DATA EXTRACTS>
──────

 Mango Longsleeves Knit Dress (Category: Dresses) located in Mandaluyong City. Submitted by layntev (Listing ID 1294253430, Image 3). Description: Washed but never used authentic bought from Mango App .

──────

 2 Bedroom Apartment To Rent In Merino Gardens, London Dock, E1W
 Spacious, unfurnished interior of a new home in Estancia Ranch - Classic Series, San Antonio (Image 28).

──────

Wherever the line holding "2 Bedroom Apartment" falls in the entries above, copy exactly from it through the line holding "Spacious, unfurnished interior", inclusive, and add nothing.

 2 Bedroom Apartment To Rent In Merino Gardens, London Dock, E1W
 Spacious, unfurnished interior of a new home in Estancia Ranch - Classic Series, San Antonio (Image 28).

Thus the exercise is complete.